● Work order: Word for word, set down every line of the entries below from the line with "Side-view elbow illustration" to the line with "Viêm tuyến mồ", including both, and no other line.

● Supplied material:
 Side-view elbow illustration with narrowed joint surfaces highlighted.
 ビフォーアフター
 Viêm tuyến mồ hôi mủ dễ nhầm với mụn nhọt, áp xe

--

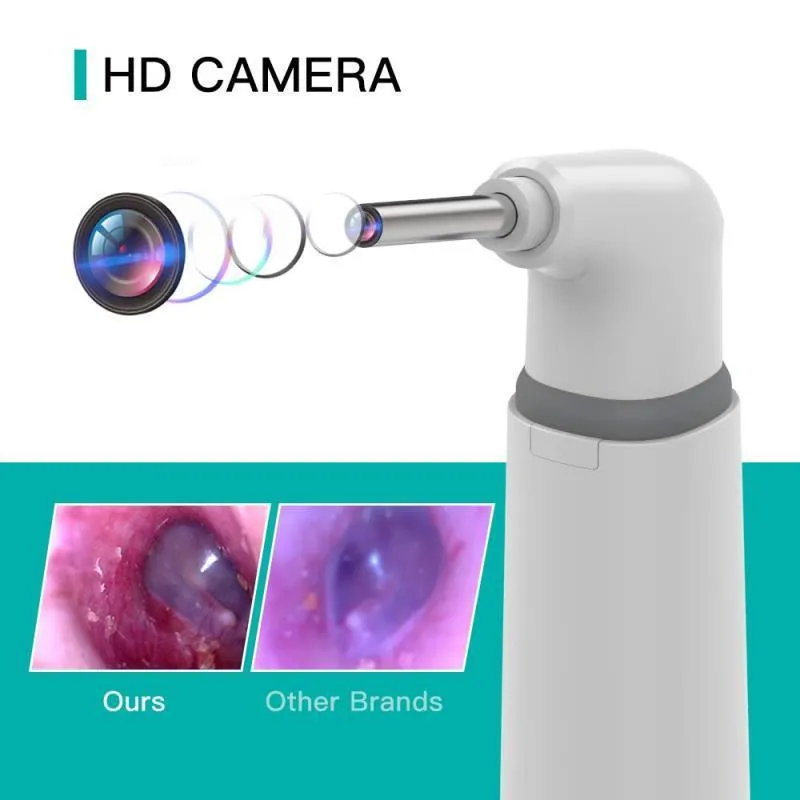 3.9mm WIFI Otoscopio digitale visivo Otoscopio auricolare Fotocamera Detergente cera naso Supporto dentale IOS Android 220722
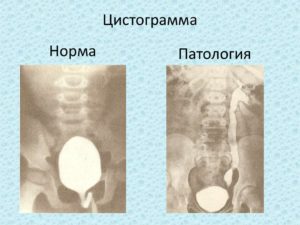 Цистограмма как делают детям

● Final answer:
 Side-view elbow illustration with narrowed joint surfaces highlighted.
 ビフォーアフター
 Viêm tuyến mồ hôi mủ dễ nhầm với mụn nhọt, áp xe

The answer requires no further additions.